What We Learned When We Built a Vector Database-and Our Customers Started Using It (part 1)

Stefano Lottini - Feb 15 - - Dev Community

Everyone is talking about vectors these days. Cosines, ANN searches, normalizations, sentence embeddings—there’s so much to know, it can feel a bit overwhelming at times!

In the last half year or so, the engineering team at DataStax has been busy delivering a performant, efficient, and scalable vector database experience. Our work spanned many areas, including – crucially – offering guidance to customers and helping them figure out how to get the best out of their vector-based applications.

On this journey (which, as the saying goes, is far from over), we noticed recurring pitfalls, dead ends, and, generally speaking, "things one should've known earlier," on topics ranging from the basics all the way to weird corner cases one does not often think about.

This four-part series of articles is an attempt to collect some of these findings for the benefit of the reader and their future vector-based endeavors. Although these posts are mostly about "mathematical" properties of vectors (which are valid irrespective of the backend you’re using), a few of the remarks will be specific to Apache Cassandra®'s and DataStax Astra DB's stance on vectors.

This first article covers general properties of vectors and tips to interact with them, independent of their origin and purpose. The second article will examine the various notions of vector similarity and their properties. In article three, we’ll take a closer look at the usage of Cassandra and Astra DB with vectors. Finally, we’ll offer a couple of quirks and corner cases to keep in mind in your Cassandra- or Astra DB-enabled vector applications and a small example of a full "migration between vector stores," with an emphasis on the pitfalls with distances and similarities.

The basics

What is a vector?
A vector is a quantity used in geometry and most sciences to denote a phenomenon with a direction and a length (the mathematically rigorous readers, I am sure, will pardon this very practical definition).

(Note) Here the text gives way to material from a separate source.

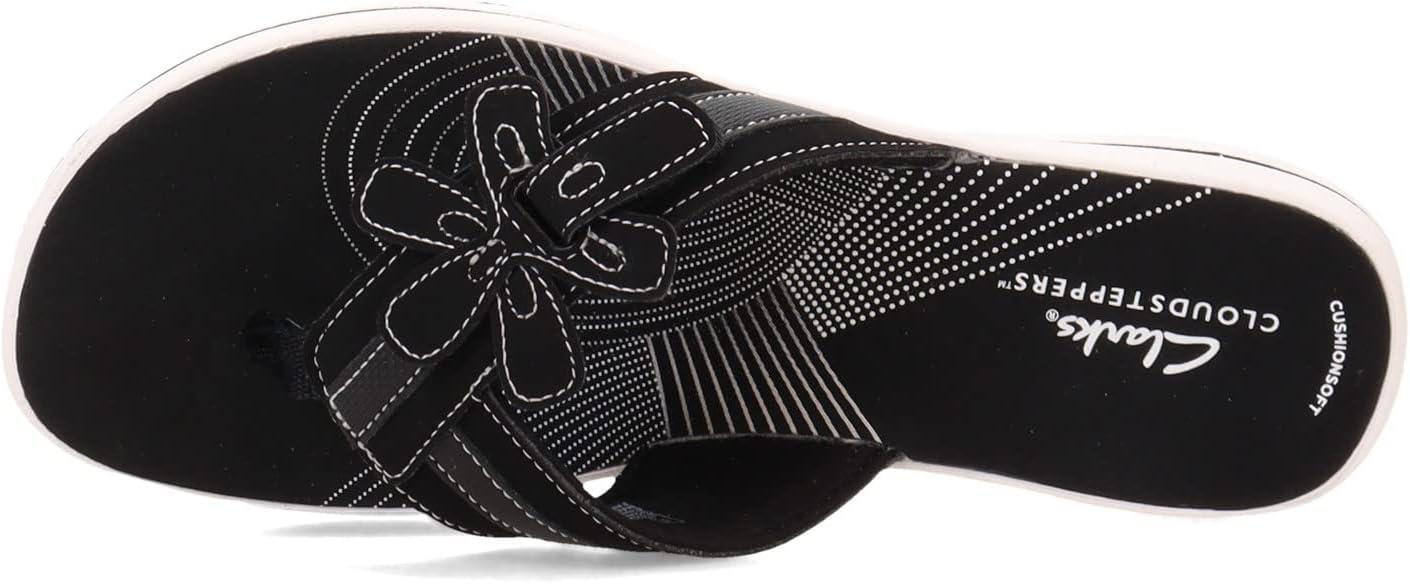 imageClarks unisexadult BrinkleyflorahHang Black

To describe the blowing of the wind at a given point, for instance, you might use a vector (the vector "length" would be then the wind intensity). With a certain choice of a reference basis (e.g. the x, y and z axes for three-dimensional vectors), a vector can be formulated as a list made of numbers (its three x, y, z components), as many numbers as is its dimensionality. While typical vectors one can imagine in the "real world around us" are 3-dimensional or less, nothing prevents you from thinking of 10-dimensional, 768-dimensional, 1536-dimensional vectors (… or even infinite-dimensional vectors. But I digress).

A vector, in short, is a way to denote a point belonging to a given space. You can picture a vector as an arrow, whose tip is the denoted point. It is an expectation from vector geometry that the "length" (or norm) of a vector be defined regardless which direction it is oriented, i.e. a vector space implies some meaningful notion of "rotation" for its vectors.

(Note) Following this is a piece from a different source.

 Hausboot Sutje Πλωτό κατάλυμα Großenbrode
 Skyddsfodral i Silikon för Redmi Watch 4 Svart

Don’t confuse the length with the count of the components (i.e. the dimension, which is always a positive integer).
Take all possible 2-dimensional (x, y) vectors: the points they describe form the whole of a flat plane! Now take only the vectors of length equal to one ("unit vectors"): their points form a circle (of radius one). Likewise, the unit length vectors with dimension three are a sphere in space.

Below, I’ll speak of "spheres" in a broad sense, regardless of the dimension (circles, spheres and "hyperspheres" alike): so, when I say "vectors on a sphere," I actually just mean "vectors of some dimensionality whose length is equal to one."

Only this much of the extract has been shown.